Wilders staat binnenkort in het beklaagdenbankje. Dat Wilders zich voor de rechtbank moet verantwoorden is voor velen maar moeilijk te verkroppen. Een veelgehoorde klacht is dat Wilders een politicus zou zijn en dat deze wel in de arena van de Tweede Kamer of het stemhokje wordt berecht; dat de beoordeling van zijn daden daarmee niet in de rechtzaal thuishoort. Deze bewering deugt in principe al niet, omdat niemand anders dan de rechterlijke macht in Nederland beoordeelt of iets wel of niet tegen de wet indruist en niemand anders dan de rechterlijke macht gaat over berechtingen van strafbare feiten. Maar los daarvan is het in dit specifieke geval van prominent belang de rechtzaak wél te voeren.

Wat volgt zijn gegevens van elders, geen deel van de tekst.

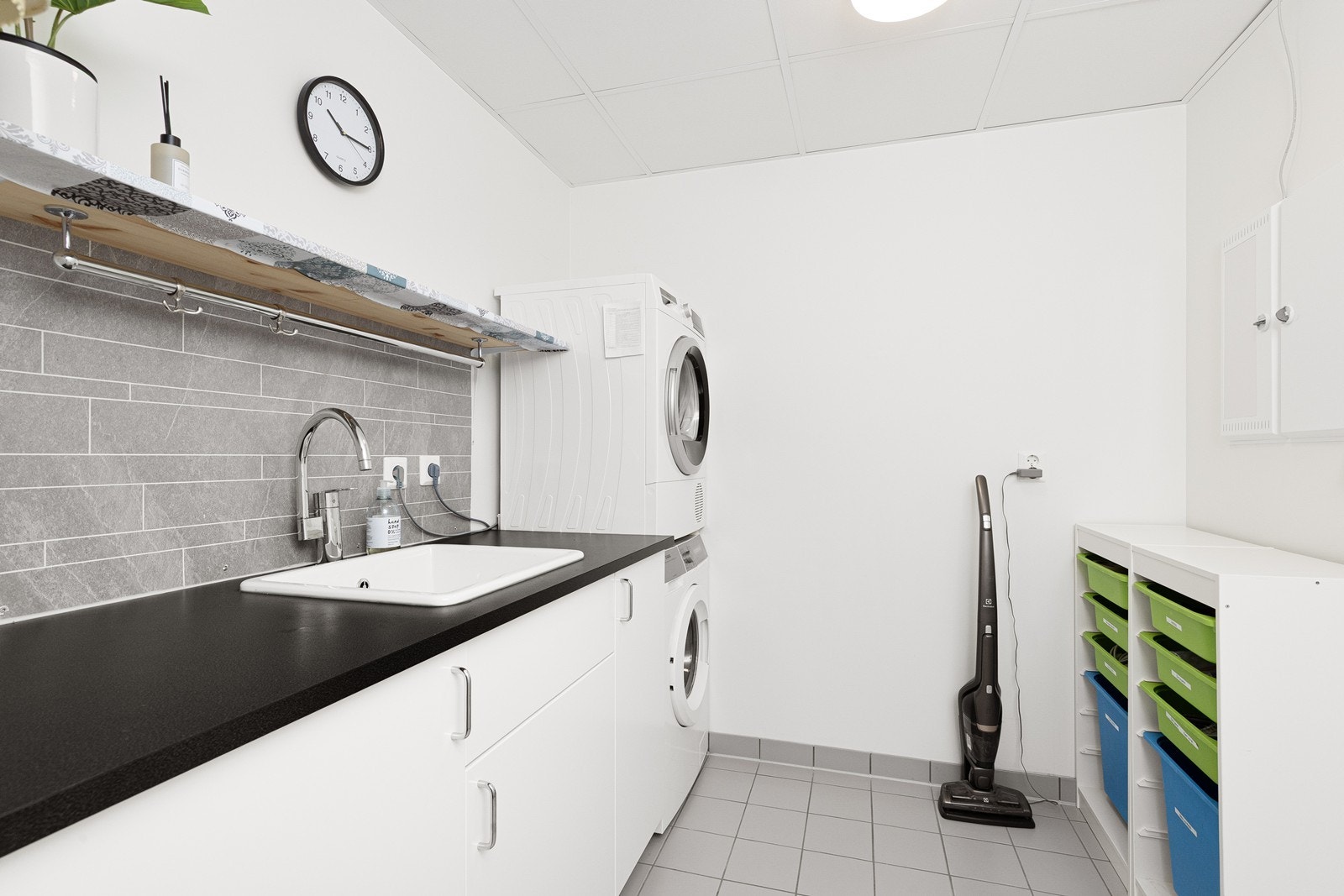 Eget vaskerom fra 2017 med flislagt gulv og vannbåren gulvvarme. Her er det opplegg for vaskemaskin og en praktisk utslagsvask. Galleribilde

Dit vooral omdat hier een zaak in het geding is die rechtstreeks van doen heeft met de vrijheid van meningsuiting, nota bene van een politicus. Mocht Wilders zeggen wat hij zei, of was dit haatzaaierij? Gerard Spong meent dat Wilders over de schreef van de wet is gegaan en werpt zich op als openbaar aanklager.

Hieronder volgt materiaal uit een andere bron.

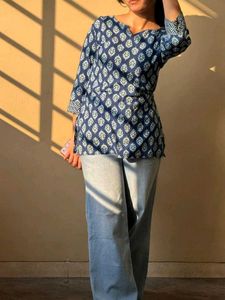 Lucknowi Printed Short Kurti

Over die vrijheid is men al meer dan tweehonderd jaar bezig. Waarom, zou je denken? Immers, het is wel vrij, of niet vrij, daar valt niet veel meer over te zeggen. Maar zo simpel ligt het niet. Want in de ontwikkeling van een democratie zijn het recht elke gedachte vrijelijk uit te spreken en de limieten die hieraan paradoxaal genoeg gesteld moeten worden onlosmakelijk met elkaar verbonden.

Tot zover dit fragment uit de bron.